Je ne connaissais pas Franck Bouysse mais croyez-moi, cet auteur gagne à être connu. Bon sang de bonsoir, que STYLE ! Quelle écriture rude et poétique à la fois! Le choix des mots est toujours violent et juste, les métaphores chargées de sens, tout est dépeint avec noirceur et brutalité. 
 Il y avait aussi des couleurs qui disaient les saisons, des animaux, et puis des humains, qui tour à tour espéraient et désespéraient, comme des enfants, battant le fer de leurs rêves, avec la même révolte enchâssée dans le cœur, les même luttes à mener, qui font les victoires éphémères et les défaites éternelles.
On découvre la vie (très) rude et (très) banale d'un paysan, qui n'est pas si simplet que ça, pas si "à la masse", comme on aurait tendance à le penser au premier abord Il est brut de décoffrage et n'a pas sa langue dans sa poche... Ses propos, que ce soit avec Abel, un banquier ou un "suceur de Bible" sont tout le temps très réfléchis, lucides et cyniques. C'est un personnage extrêmement attachant, qu'on en vient à adorer pour sa répartie parfaite et ses idées bien arrêtées sur le monde. Il est bourru et cinglant, mais on lui découvre une sensibilité à toute épreuve au fil des pages... 
Grossir le Ciel s'avère être un roman noir, qui dépeint avec justesse le monde violent de la France rurale, ses difficultés économiques, son train de vie éreintant, la solitude de ses hommes et leur courage chaque jour pour gagner leur croûte. On suit leur quotidien presque heure par heure parfois, et ce n'est jamais emmerdant ni redondant. On n'a pas du tout envie d'y mettre les pieds, mais on a clairement envie de (sa)voir ce que ça fait, d'être paysan, qui plus est en hiver!
La tristesse tomba sur lui sans prévenir. Il était abattu comme quelqu'un qui réalise avoir perdu quelque chose avec quoi il vivait sans y prêter attention. Quelque chose qui devient plus important quand on l'a perdu que quand on l'a sous le nez tous les jours, car on finit par ne plus y faire attention.
En revanche et paradoxalement, l'aspect thriller ne m'a pas plus emballée que ça, étrangement. C'est le seul petit bémol à cette première partie de chronique dithyrambique. Le suspense est très présent, bien sûr. L'auteur nous emmène où il veut et on tourne les pages avec avidité. Mais j'ai comme l'impression que l'aspect thriller était plus un prétexte qu'autre chose pour nous parler de Gus et Abel.
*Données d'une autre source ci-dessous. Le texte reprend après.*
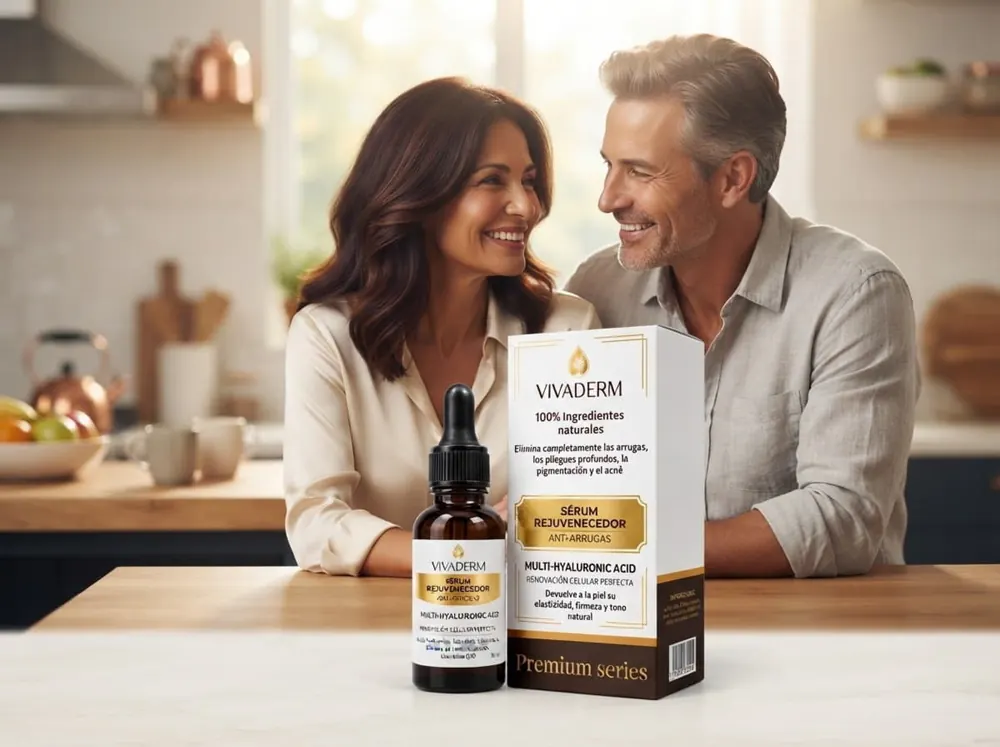 Pareja en la cocina con el estuche de Vivaderm Serum recién recibido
Pour moi, il s'agit presque plus d'un roman contemporain que d'un roman à suspense. Le final n'est pas bouleversifiant, l'un des rebondissements était à mon sens trop prévisible. Le reste ne casse pas trois pattes à un canard. Le final est plus porteur d'un message que d'une réelle volonté de faire frémir ou bondir le lecteur. Malheureusement, je ne peux rien dire sans risquer de vous dévoiler la fin. Mais, limite, on s'en contrefiche. Nous, on veut du GUS.
Les morts, on a l'habitude de leur pardonner bien des choses, même des choses qu'on ne devrait pas.
Ce qui compte plus que tout, c'est la vie puis le destin de ce personage, bouleversant de par son passé (l'auteur ne l'a pas épargné) puis sa vie quotidienne (là non plus, pas du tout épargné) et enfin la façon dont il finit (pas épargné non pluuuus). 

Qui l'eut cru? J'ai réussi à m'identifier à un paysan solitaire, bourru, alcoolo et fumeur de gitanes! Peut-être que je l'ai été dans une autre vie? 
On te dira qu'il faut prendre la vie comme elle vient… conneries… la vie, c'est elle qui te prend, sans te laisser le choix, et par les couilles, encore.
Ne comptez pas sur l'aspect thriller un peu trop survendu par l'éditeur. Comptez sur un roman d'une noirceur implacable, qui vous emmènera le temps de 200 petites pages dans le monde méconnu des agriculteurs. Un roman économique, psychologique et sociologique, qui je pense ne peut pas laisser indifférent lorsqu'on s'intéresse un peu à notre actualité. 

Mes p'tites étoiles:


Mais, tout cela n'est que mon humble avis.